The kind who never raised her voice.
I was going to be so emotionally regulated that my child would feel my calm energy and naturally match it.
That’s adorable.
Because in reality? I yell.
Not all the time, not out of cruelty, but out of pure human overwhelm.
I yell when my kid is about to run into the street. I yell when I’ve asked him twelve times to put on his shoes and he’s still acting like he doesn’t know what “shoes” are.
I yell when I feel like I’m drowning, when I’m overstimulated, when I’ve reached the end of whatever patience reserve I started the day with.
And every time, I feel guilty.
I feel like I failed. I wonder if I’ve done some permanent damage.
But then I apologize. I hold my child. I show him that grown-ups make mistakes too.
That we can repair, that love is still here, even after the storm.
And maybe that matters more than perfection ever could.
4. I Said I’d Never Let My House Be Taken Over by Toys
Oh, sweet summer child.
I was convinced that I could maintain a minimalist aesthetic while also raising a child. I thought I’d have just a handful of well-chosen, open-ended toys.
A beautiful, curated space where every object sparked creativity and joy.
And now?
Now my living room looks like a toy factory exploded.
There are cars in my couch cushions.
There are Legos in places where Legos should never be.

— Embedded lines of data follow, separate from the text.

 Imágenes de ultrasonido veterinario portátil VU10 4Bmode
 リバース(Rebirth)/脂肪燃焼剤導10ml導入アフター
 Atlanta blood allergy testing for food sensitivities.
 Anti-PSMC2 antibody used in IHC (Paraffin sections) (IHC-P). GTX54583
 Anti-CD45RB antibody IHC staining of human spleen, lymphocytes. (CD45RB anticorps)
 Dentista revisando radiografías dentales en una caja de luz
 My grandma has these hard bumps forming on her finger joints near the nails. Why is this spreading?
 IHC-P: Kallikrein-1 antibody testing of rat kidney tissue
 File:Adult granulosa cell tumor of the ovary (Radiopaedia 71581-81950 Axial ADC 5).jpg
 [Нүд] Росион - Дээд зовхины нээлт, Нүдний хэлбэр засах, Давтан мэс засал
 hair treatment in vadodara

My kitchen is overrun with half-finished art projects, my floor is a graveyard of tiny plastic dinosaurs, and my coffee table is now a parking garage for toy trucks.

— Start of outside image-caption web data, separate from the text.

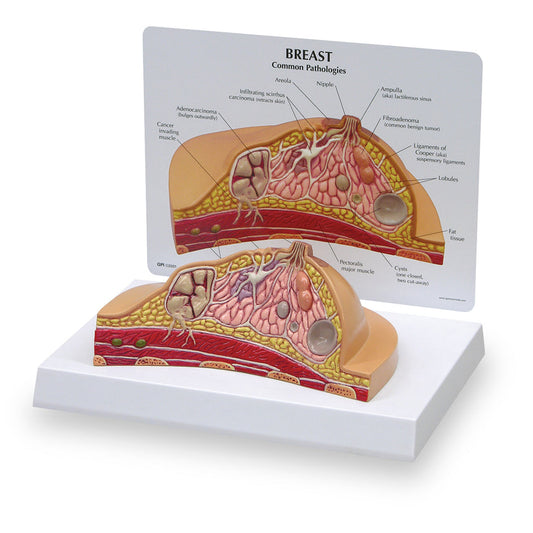  Nasco Healthcare-Breast Cross-Section Model-MedTech-1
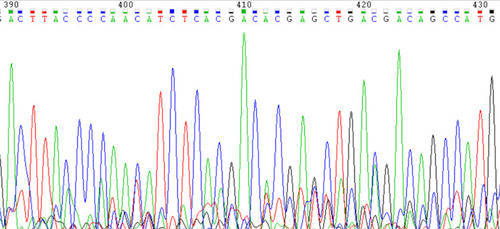 Figure 2 Partial Sanger sequencing peak map of the 16S rDNA PCR product of the isolate sequenced with the 1492R primer.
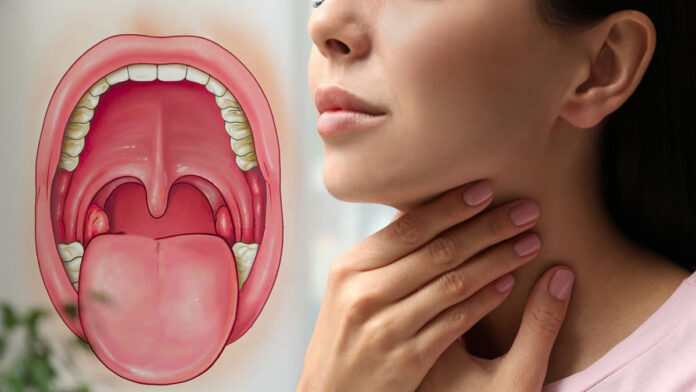 Swelling Of Tonsils Can Be Reduced Like This, Tonsils Can Be Reduced Like This, Tonsils Swelling, Swollen Tonsil Causes, And Treatment, Remedies For Tonsil Infections, Tonsils Problem, Tonsillitis Care Instructions, Tonsil And Adenoid Problems, Causes Of Swollen Tonsils, Mango News, Mango News Telugu,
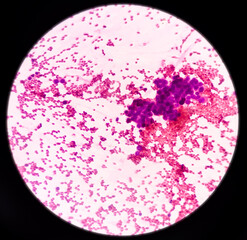 Parotid swelling, malignant cell consistent with mucoepidermoid carcinoma, squamous cells, chronic inflammatory cells and hemorrhage background, FNAC
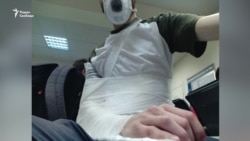 У Росії поліцейський зламав плече журналістові на дільниці для голосування (відео)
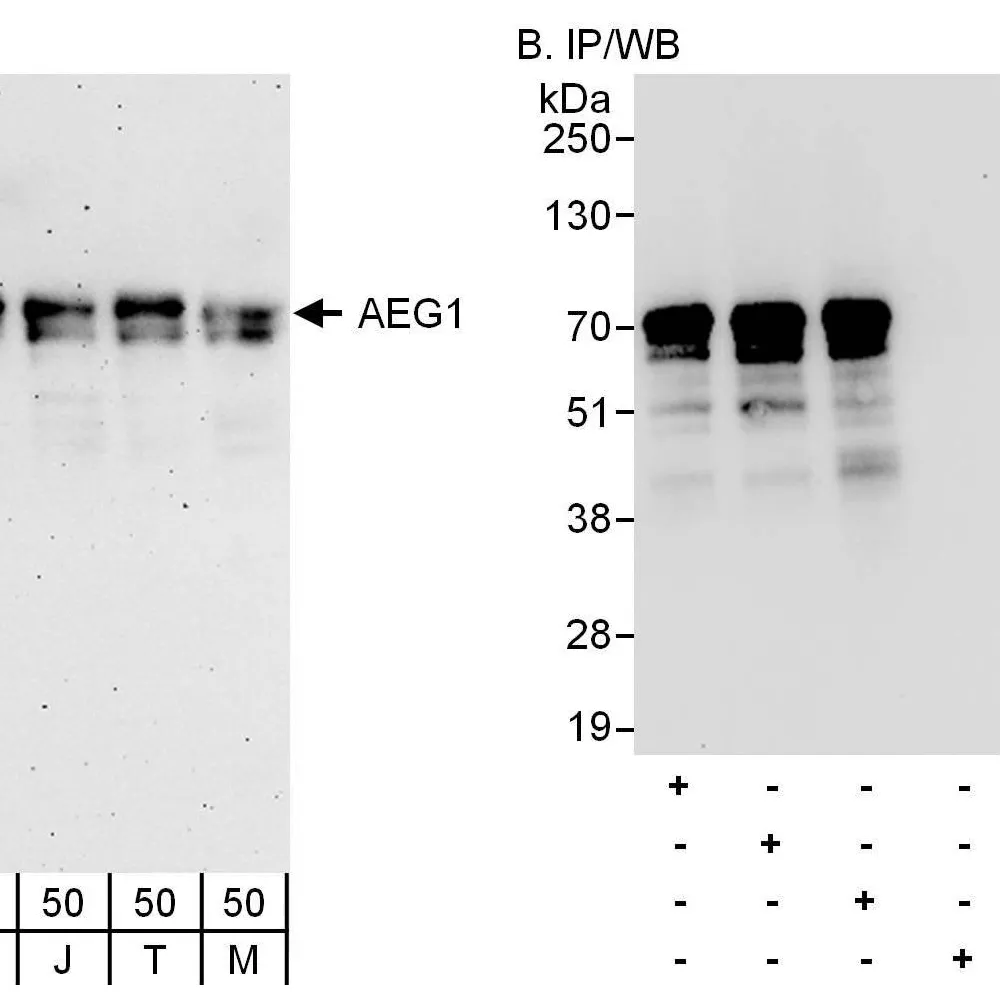 Rabbit anti-AEG1 Antibody, Affinity Purified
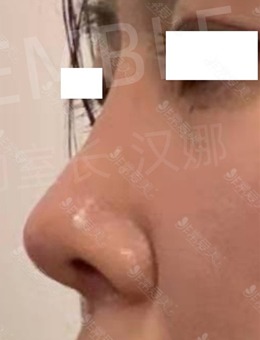 韩国人做的鼻子太自然了，这组鼻综合手术前后对比照片就是证据_术后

At some point, I just gave up. I surrendered.
My home is not a Pinterest board. It’s a living, breathing, kid-filled space.
And one day, when the toys are gone, I know I’ll miss the chaos.
5. I Said I’d Never Lose Myself in Motherhood
This one hurts the most.
I thought I’d be different.
I thought I’d hold onto the version of myself that existed before motherhood.
That I’d still be creative, still have time for my art, still see my friends, still take care of myself.
But then life happened.
And the truth is, I did lose myself.
Not all at once, but slowly. In the sleepless nights.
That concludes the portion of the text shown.